PassPorter’s Disney Cruise Line and Its Ports of Call (August 2013 edition) – This excellent guide by Jennifer and Dave Marx, the authors of the popular PassPorter’s Walt Disney World, covers Disney cruises in splendid detail. Jennifer and Dave tell you everything you need and want to know, from embarkation to debarkation. They provide helpful pre-planning information including how to decide when to cruise and how to pick a stateroom — there are even detailed deck and stateroom plans. And once you’ve booked your cruise, the book provides a wealth of detail about what to expect and how to maximize your enjoyment. It explains how Disney’s unusual “dining rotation” scheme works, gives excellent information about the ports and shares important tips and tricks. Even if you don’t currently have a Disney cruise planned, this is great armchair reading. It certainly took me back to happy thoughts of my last Disney cruise, and made me want to plan the next one!

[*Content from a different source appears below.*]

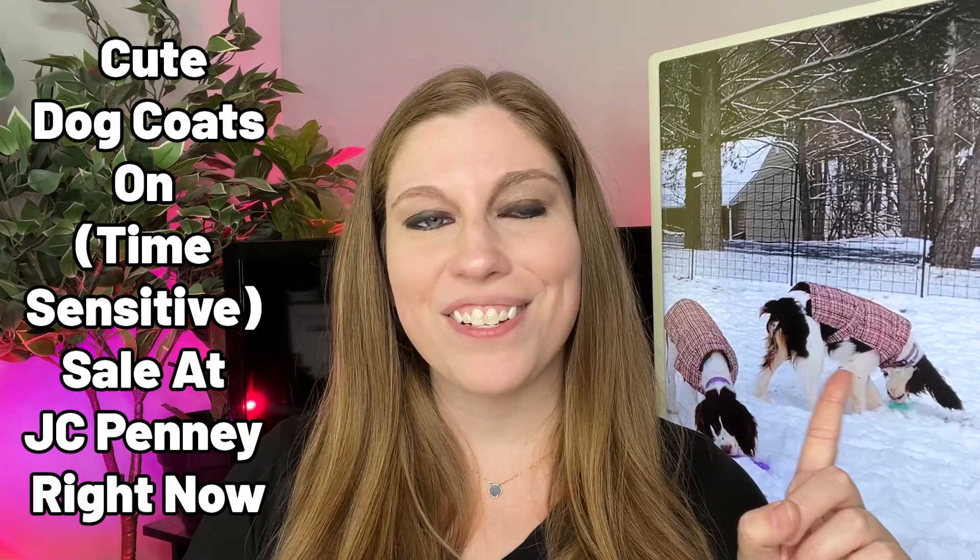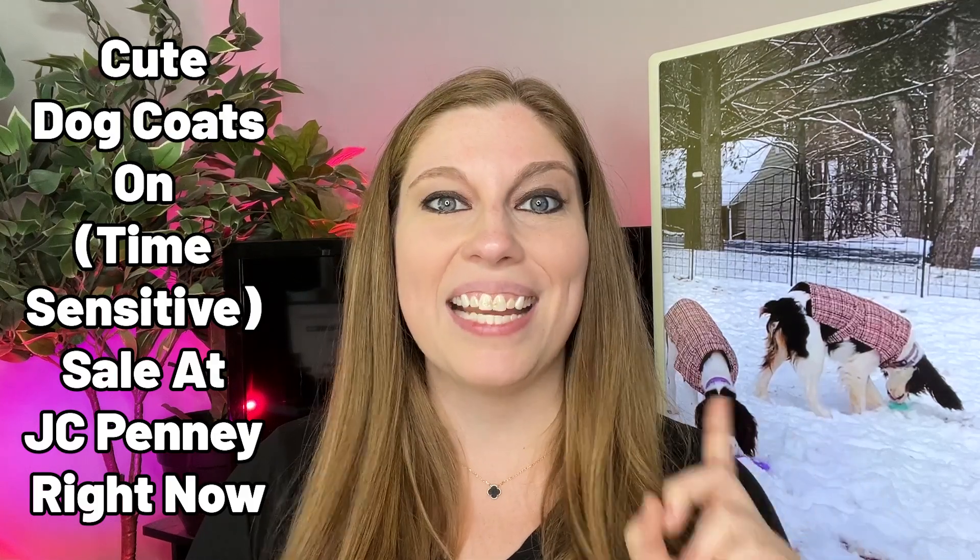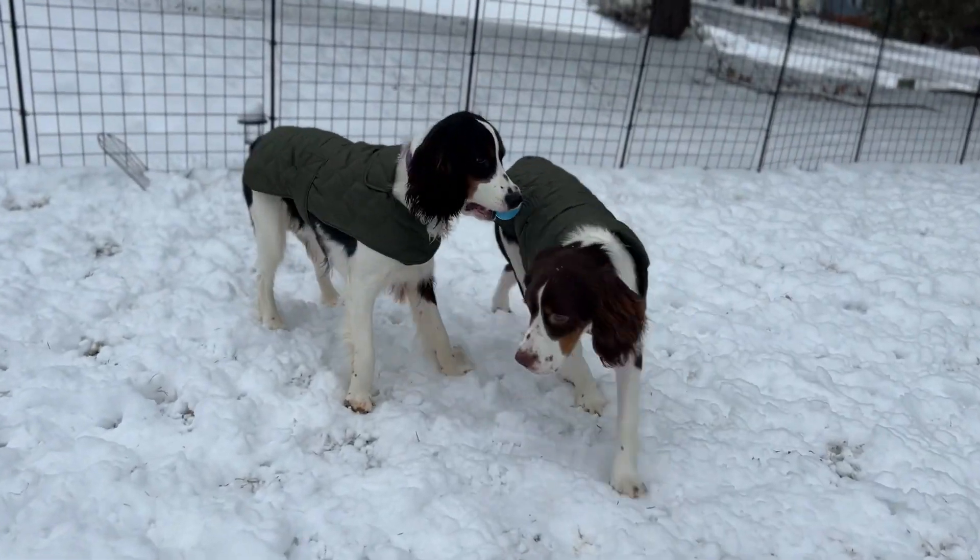If you're preparing for winter and you want to get your dog a cute coat for playing outside, last year at JCPenney I got the cutest dog coats. I got them in a bunch of different colors. You've seen my videos on them before — I'll link them down below.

Birnbaum’s Disney Cruise Line 2014 - This official guide to the Disney Cruise Line is a very small (almost pocket-sized) volume that offers basic information. The reviews of the various shore excursions are useful and surprisingly critical. Considering that this is an “official” Disney publication, I was surprised to find the authors stating that some of the excursions are not worth the money or not very enjoyable. That’s good to know! This book is nowhere near as in-depth as PassPorter’s Disney Cruise Line, but does have some worthwhile information and it’s inexpensive, so if you’re hungry for info, it’s worth taking a look.
Be sure to read the information about Disneyland Paris discounts here on this site, which should be the most up-to-date you’ll find in English.

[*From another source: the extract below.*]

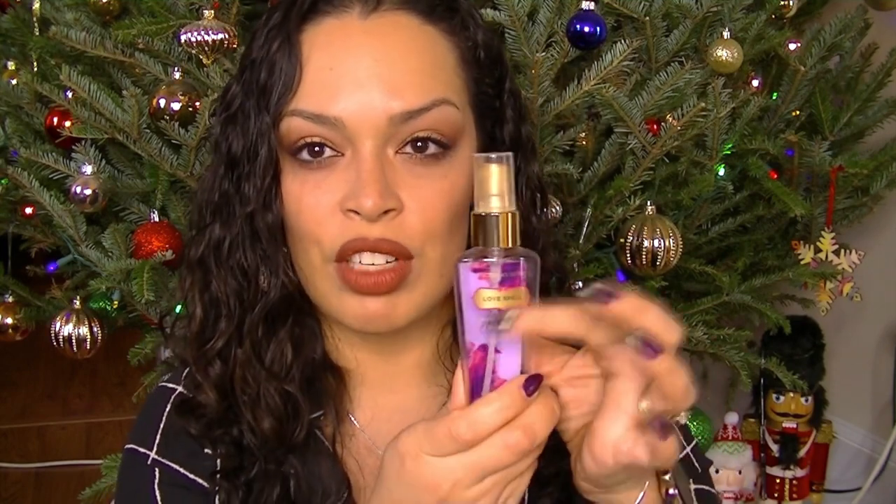This is Love Spell from Victoria's Secret — just a smaller size. I have been using this since high school and wore it on my wedding day. This is the Candy Prada Perfume, and I love it. I believe my sister got this for me or gave me a gift card, and that's what I got with it from Ulta. It's amazing.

The Unofficial Guide to Disneyland Paris – Hooray! At last there’s a fantastic guidebook in English, produced by the same people who bring you the Unofficial Guides to Walt Disney World and Disneyland (California). This extremely thorough 300-page guide, published in July 2010, covers everything you’ll need to know about the rides, shows, Disney hotels and close-by hotels not operated by Disney, tickets and transportation to and from the resort. And of course, the Unofficial Guide team offers great touring plans to save you time in line. All this, plus an attractive section of color photos. While the main market for this book is UK residents, it’s written to include information useful to US residents as well. Truly this is the only guide to Disneyland Paris worth buying. Note: the link above is for US residents. If you live in the UK, use this link.
I have extensive information about Tokyo Disney Resort here on this site, based on two visits and extensive research. As far as I know, MouseSavers.com has the best information available in English about Tokyo Disney Resort discounts, and it’s FREE! Click here to read it.
Travelers Series Guide to the Tokyo Disney Resort is the only printed guidebook in English. This fairly comprehensive book, published in October 2010, has good coverage of a lot of important stuff at the resort, including descriptions of each attraction, dining location and shop. It also has worthwhile material about the Disney hotels. It doesn’t go into much depth about how to save money (but fortunately you have this site for that) and it doesn’t have touring plans or tips on the best strategies for avoiding lines, though it does list which attractions have FASTPASS and Single Rider Lines. It also compares Tokyo Disney to the American parks, which is helpful for those who just want to “hit the highlights” and do attractions that are different from their American versions. All in all, a worthy effort and well worth buying if you’re planning a trip to Tokyo Disney for the first time.